- Task description
Please set down only the lines below starting with the line with "Khuôn xôi bông" and going on through the line with "Set of old vintage", verbatim and without pictures.

- Record extracts
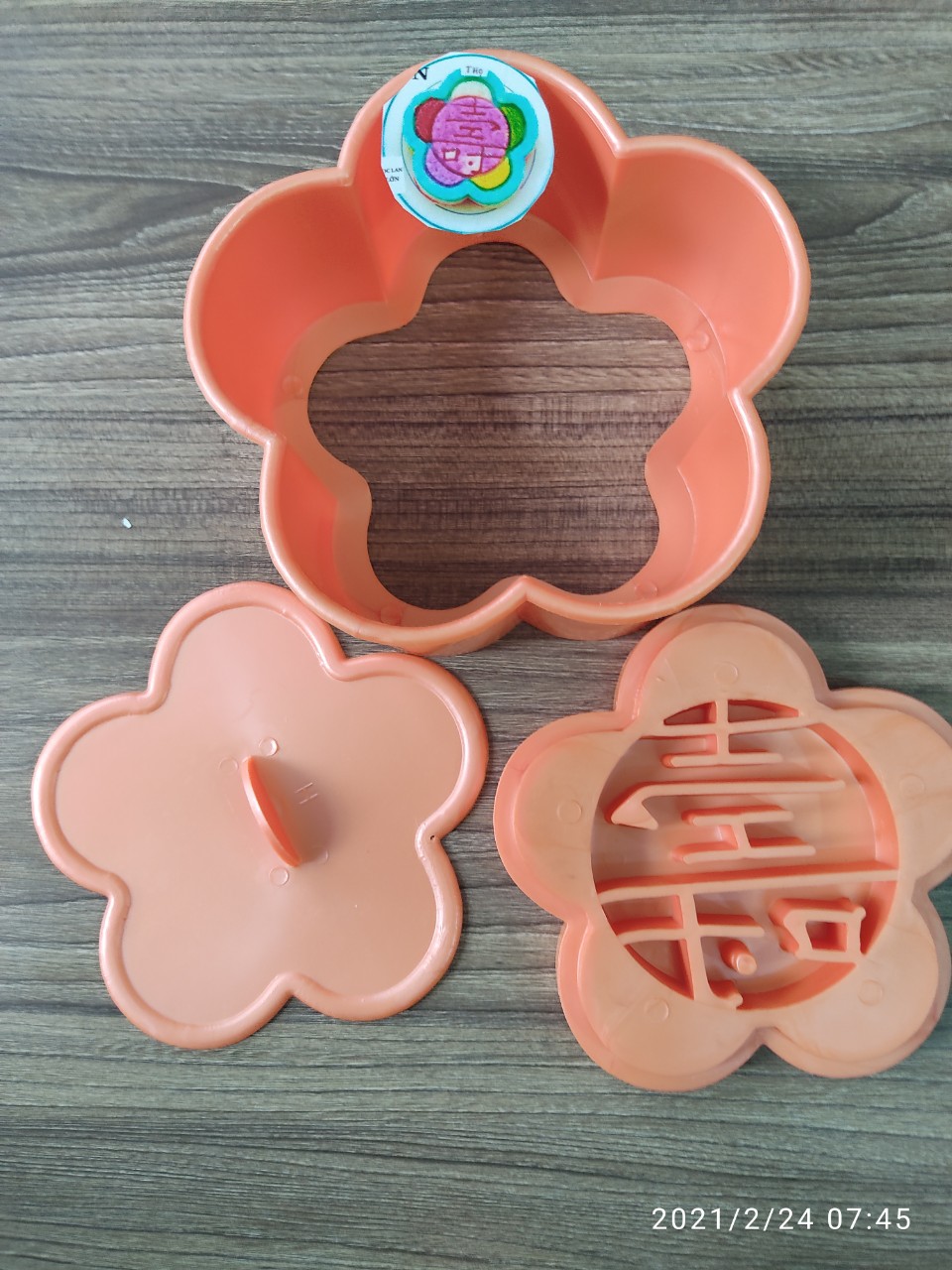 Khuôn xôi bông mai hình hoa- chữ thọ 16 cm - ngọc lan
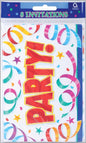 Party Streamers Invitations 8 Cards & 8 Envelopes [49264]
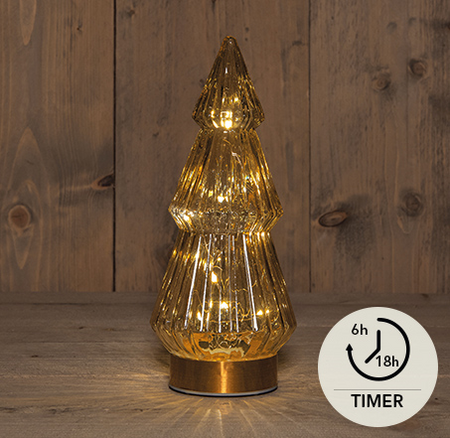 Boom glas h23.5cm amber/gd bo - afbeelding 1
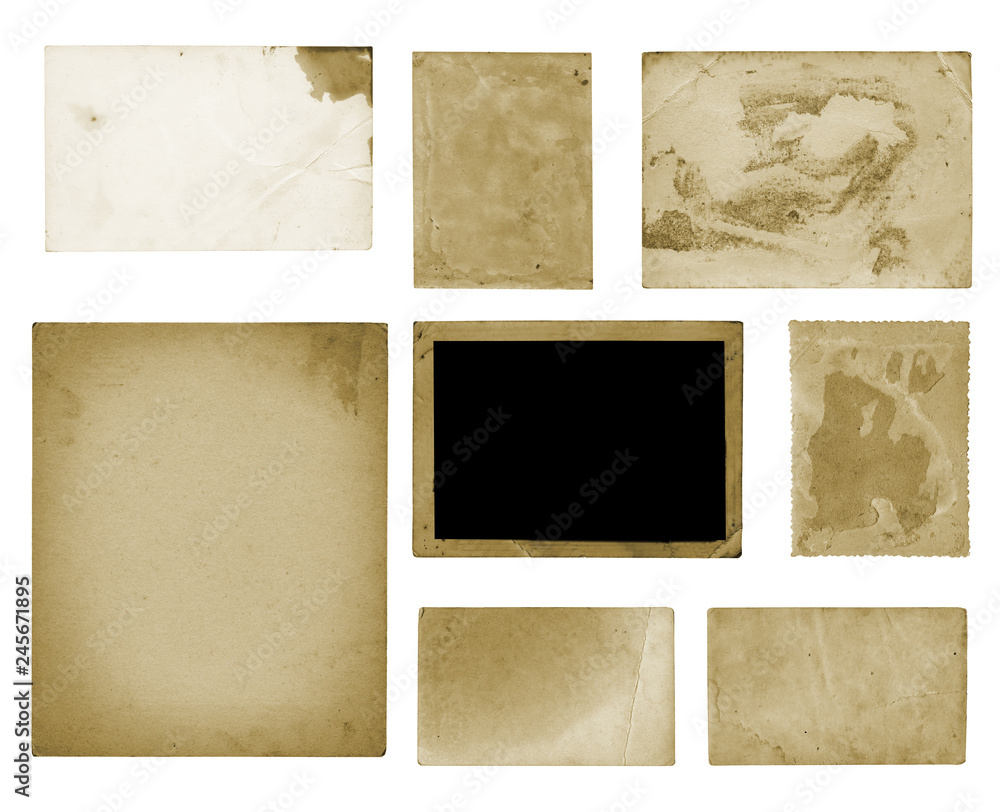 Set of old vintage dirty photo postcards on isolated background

--

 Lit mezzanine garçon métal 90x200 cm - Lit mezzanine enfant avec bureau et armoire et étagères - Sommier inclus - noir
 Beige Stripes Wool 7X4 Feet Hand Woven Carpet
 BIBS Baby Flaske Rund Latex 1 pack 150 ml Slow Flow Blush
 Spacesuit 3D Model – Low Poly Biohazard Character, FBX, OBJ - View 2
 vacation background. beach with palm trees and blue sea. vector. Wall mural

- Answer box
 Khuôn xôi bông mai hình hoa- chữ thọ 16 cm - ngọc lan
 Party Streamers Invitations 8 Cards & 8 Envelopes [49264]
 Boom glas h23.5cm amber/gd bo - afbeelding 1
 Set of old vintage dirty photo postcards on isolated background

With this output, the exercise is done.